Then you’ve misunderstood my complaint. Right off the back you talk about attractiveness. “Attractive” is a word I did not use, and indeed specifically avoided. I spoke of cuteness, specifically of the puppy-dog nature and not the Ryan Reynolds variety. I hoped to have made that clear when I spoke of letting puppies loose on the stage. It seems that this difference did not get communicated. Perhaps my prose is not so clean late at night as I had hoped.
What I’m protesting here is a trivialization of homosexuality into a spectacle to be coo’d at. I’m fighting the phenomenon of “oh I love gay men, they’re so cute,” as if we’re cocker spaniels. I’m fighting the “gay best friend” phenomenon. If I might speak anecdotally, I recall when I came out to one of my best friends her immediate response was “oh how cute!” Now, I understand that the plural of anecdote is not fact, but I’m Wiling to bet other gay men have experienced just such a reaction. And, while there are far worse things to be told upon coming out, there are also far better things. In the post, Cecil and his audience were merely a case study in a common cultural phenomenon.
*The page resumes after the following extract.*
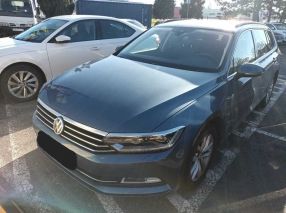 Volkswagen Passat - 2017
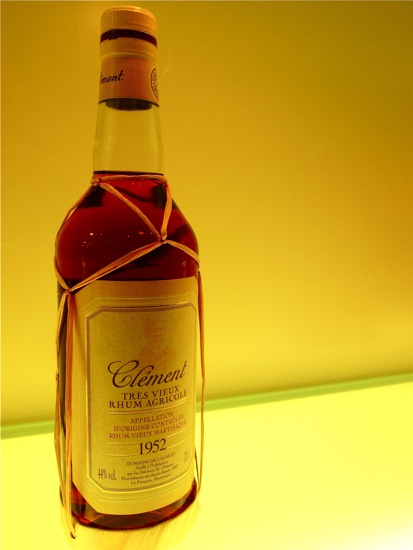 Tres vieux rhum agricole - Clément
You’ll notice I refer to gay love as not being “uniquely cute,” implying its level of cuteness is not unique from a heterosexual couple’s. More importantly, I argue that a straight couple would never have inspired such mass glee-filled hysteria as did Cecil and Carlos. It wasn’t about them being in love, It was about them being in gay love. Thus the term fetishization Here does not imply a sexual kink but rather taking Cecil’s homosexuality and turning it Into to an object to be placed on a shelf to be adored at one’s leisure.
The observations of the gay sex life was a reminder that we’re not dealing with cuddling eunuchs, which “cutifying” (like puppies) implicitly does.
I very much enjoy the representation of homosexuality in nightvale. I’m protesting the reception of homosexuality in nightvale.
It is not being received as: “oh how nice, a gay couple in a healthy and flirtatious relationship. They are cute together.”
It is being received as: “ohhhhhhh my god how cuuuuuuuuuuute. Little gay men. Ahhhhhh look at them talking,” as if we were kittens floating in a radio station bathroom.
I’m going to address other issues here. I’m not sure why I’m being accused of assuming the girls were straight nor why that would be relevant anyways. Queer girls are not gay men.
my complaints on how I am treated are not meant to diminish other’s complaints on how they are treated. So to say I cannot complain of the “oh, how cute, you’re gay” issue because many straight men get off on lesbian porn is really irrelevant. While my issue is not equal in severity, it is equal in legitimacy. Those concepts should not be confused.
I got accused of being yet another man telling women what to do. I suppose yes, I am requesting that I not be treated like a teddy bear. am I therefore forwarding the aims of the patriarchy?